NGS Auswertung

Dr. rer. nat. Steffen Lott

Die Rohdaten der verschiedenen Sequenzierplattformen (Illumina, Roche454, Life Technologies) werden als fastq Format in CLC Genomic Workbench importiert. Innerhalb dieser Software werden diese Daten je nach Enrichment (Amplikon-basiert oder Sondenhybridisierung) prozessiert, wie zum Beispiel durch „demultiplexing“ und spezielles „trimming“ (Zurechtschneiden) der Sequenzen. Ein Demultiplexing ist nötig, wenn verschiedene Proben simultan in einem Lauf sequenziert wurden. Jede Probe erhält einen eindeutigen Barcode, mit dem man jede Sequenz dieser Probe zuordnen kann. Ein sogenanntes Trimming kann aus zwei Gründen erfolgen: Einerseits dient es zur Entfernung von Linkersequenzen, die das Mapping verfälschen können, oder es wird andererseits zur Verbesserung der Qualität eingesetzt, zum Beispiel durch Abtrennung aller Basen unter einem bestimmten Q-Value am 3‘-Ende der Sequenz. Danach werden die Sequenzen der einzelnen Proben an das Humangenom (hg19) aligniert (Mapping). Mit diesem Mapping als Grundlage wird ein „Variant Call“ durchgeführt, der alle Abweichungen der zu analysierenden Sequenzen von der Referenzsequenz unbeachtet der Zygosität (homo- oder heterozygot) in Form einer Tabelle ausgibt. Diese werden neben Exonnummerierung, cDNA- und Aminosäreaustausch mit verschiedenen Datenbanken wie HGMD®, COSMIC, dbNSFP, PGX, sowie GWAS- und EVS Daten, Online Mendelian Inheritance in Man (OMIM®) Informationen und experimentell verifizierten „transcription factor-binding sites“ (TFBS) annotiert (Genome Trax ™ Modul von Biobase). Des Weiteren wird eine Coverage-Statistik pro Exon und pro Base erstellt um somit schlecht abgedeckte Bereiche (coverage < 20) zu detektieren und gegebenenfalls mittels Sanger-Sequenzierung nach zu analysieren.
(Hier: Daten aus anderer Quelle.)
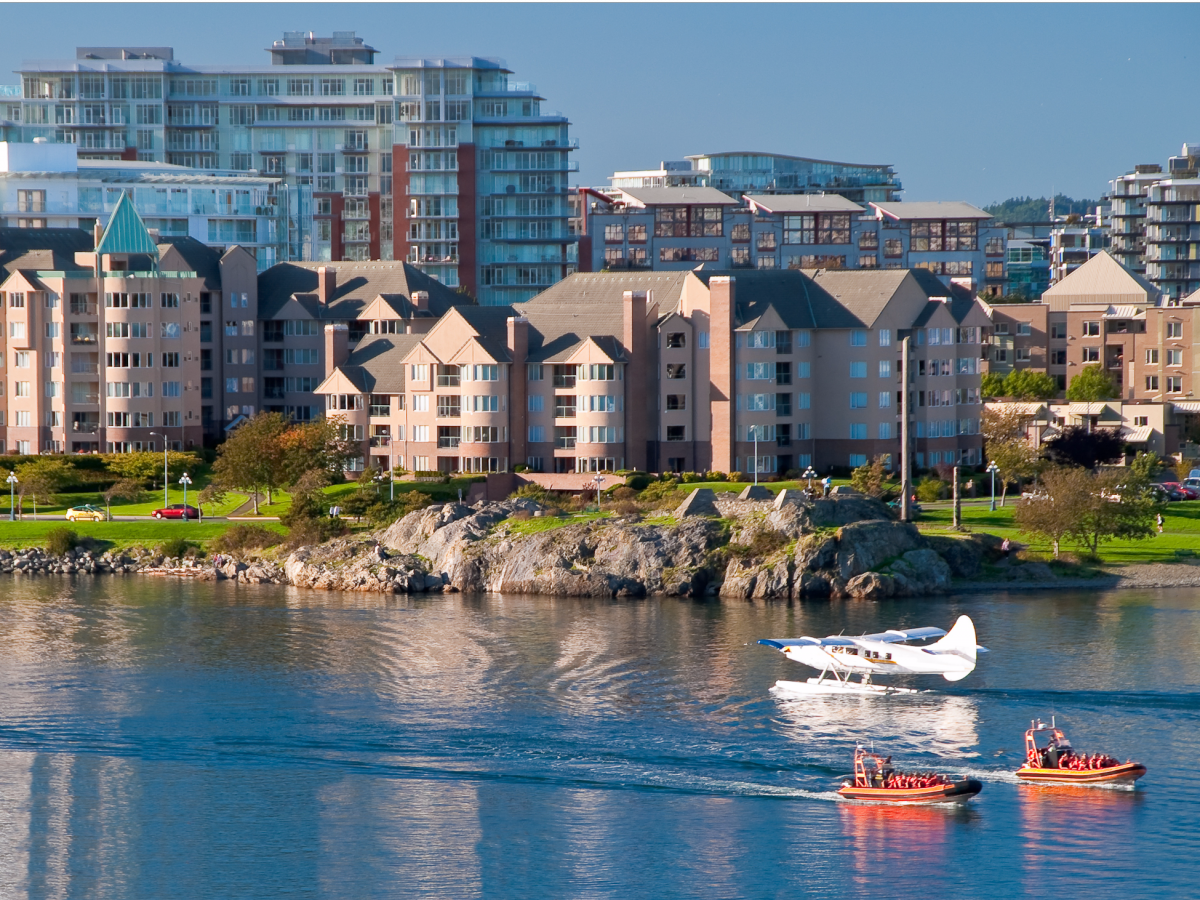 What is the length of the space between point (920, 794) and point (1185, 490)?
243 feet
Die Ergebnisse dieses Variant Calls werden in eine in-house Datenbank importiert. Die Datenbank nützt Informationen von allen sequenzierten Proben in anonymisierter Form zur internen Qualitätskontrolle, der Detektion von potentiellen Artefakten der Sequenzierung und zur Bestimmung der Frequenz jeder Variante in dem hausinternen Patientenkollektiv. Die Datenbank ist über ein Webinterface abfragbar und erlaubt ein dynamisches Filtern der Daten während der Auswertung.
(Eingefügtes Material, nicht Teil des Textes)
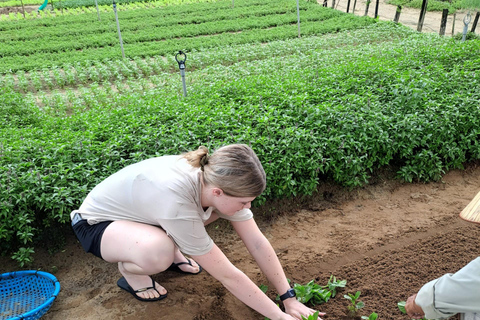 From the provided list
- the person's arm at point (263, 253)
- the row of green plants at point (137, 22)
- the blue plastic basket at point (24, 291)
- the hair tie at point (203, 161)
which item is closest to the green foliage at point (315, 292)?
the person's arm at point (263, 253)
Eine weitere Möglichkeit der Analyse von NGS-Daten bietet der Genome Analysis Tool Kit (GATK) der am Broad Institute im Rahmen des 1000 Genomes Project entwickelt, und durch die Folgeprojekte EXAC und GnomAD konstant weiterentwickelt wurde. Die GATK-Pipeline übernimmt das Alignment der Reads an die aktuellste Version des Humangenoms (hg38), wobei Qualitätsparameter des Alignments wie Anzahl der gemappten Reads, größe der DNA-Fragmente sowie die Duplikatrate bestimmt werden können. Anschließend folgt auch hier der Schritt des Variant Calls, in dem alle Abweichungen zum Referenzgenom bestimmt werden. Des Weiteren wird eine Coverage-Statistik pro Exon und pro Base erstellt, um somit schlecht abgedeckte Bereiche (coverage < 20) zu detektieren und gegebenenfalls mittels Sanger-Sequenzierung nachzuanalysieren.
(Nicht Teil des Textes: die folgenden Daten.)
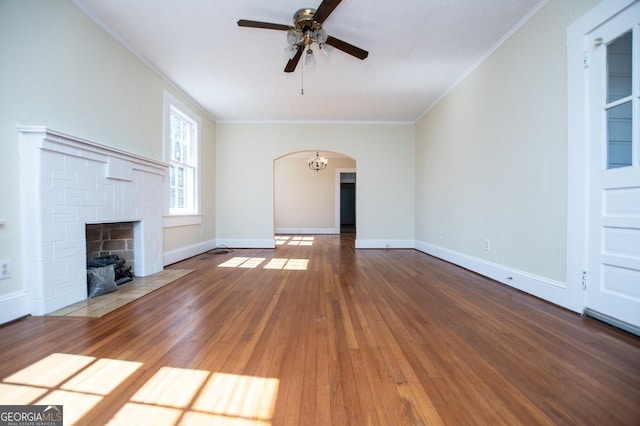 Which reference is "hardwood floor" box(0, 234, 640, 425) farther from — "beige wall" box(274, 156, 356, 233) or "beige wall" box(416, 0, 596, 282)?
"beige wall" box(274, 156, 356, 233)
Die Ergebnisse dieses Variant Calls werden dann in unser in-house knowledge Management System MIDAS importiert. Hier findet einerseits die Annotation aller Varianten mit externen Datenbanken wie HGMD®, dbNSFP, ExAC, GnomAD und dbSNP statt. Andererseits können klinische Informationen basierend auf der Human Phenotype Ontology (HPO) zu den Fällen eingegeben werden, um die Auswertung zu unterstützen. MIDAS bietet ein Semi-automatisiertes Klassifikationsmodul, in dem Varianten nach den Regeln der ACMG klassifiziert werden können¹. Einmal eingegebene Klassifikationen und Bewertungen von Varianten werden im System gespeichert und stehen damit für alle weiteren Patienten automatisch zur Verfügung.

¹Richards, S., et al. (2015). "Standards and guidelines for the interpretation of sequence variants: a joint consensus recommendation of the American College of Medical Genetics and Genomics and the Association for Molecular Pathology." _Genet Med_*17*(5): 405-424.